Virgin Money expects its net interest margin (NIM) – a key measure of a bank’s underlying profitability – to be around 175 basis points by September 2022.

The outlook comes as the Bank of England raised interest rates in December, with further increases expected to follow to combat rising inflation.

Analysts said Virgin Money’s first-quarter trade update for the three months ending December set an overall positive tone for the industry ahead of rivals’ annual earnings later this month.

“We see the recovery in unsecured balances as a useful cross-read for Barclays and Lloyds within UK banks,” analysts at JPMorgan Cazenove said in a note.

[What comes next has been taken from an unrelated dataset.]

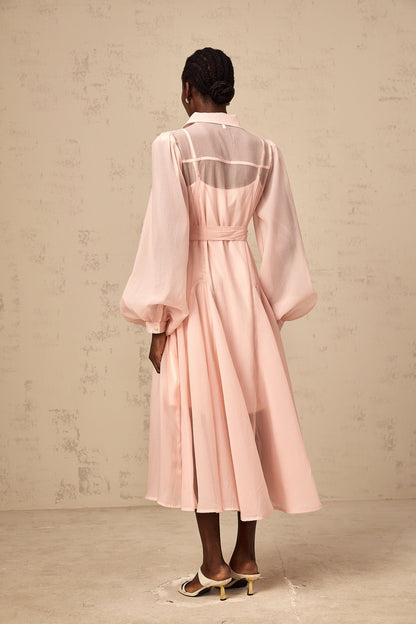 Sibylle pink tied-waist midi shirt dress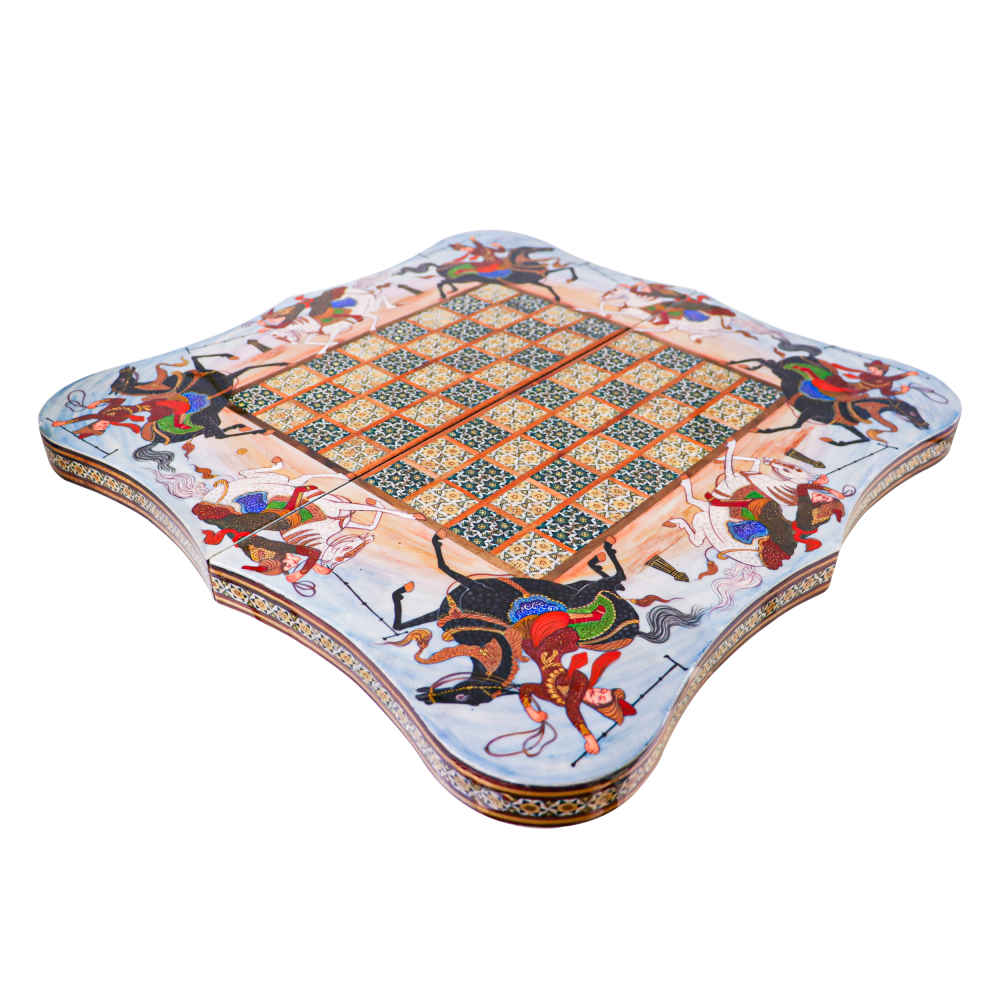 Persisches eingelegtes hölzernes Intarsien-Schachbrett Modell Chowgan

Virgin Money shares rose 3% in early trading before losing momentum and were broadly flat at 1200 GMT.

The British bank, which has already launched installment loans on its credit cards, plans to offer a subscription-based digital credit product in the coming quarters, mainly for young people looking to improve their credit rating.

“Young people want to build their credit history while looking to stay in control,” Abrahams said.

The bank, which said in November it was looking to digitize its services at a faster pace, also said the number of new accounts opened exceeded 132,000 in the quarter – the highest since the pandemic began. .

Virgin Money, formerly known as CYBG, saw a decline in mortgage and business lending due to a drop in government-backed loans in the sector and weaker market demand.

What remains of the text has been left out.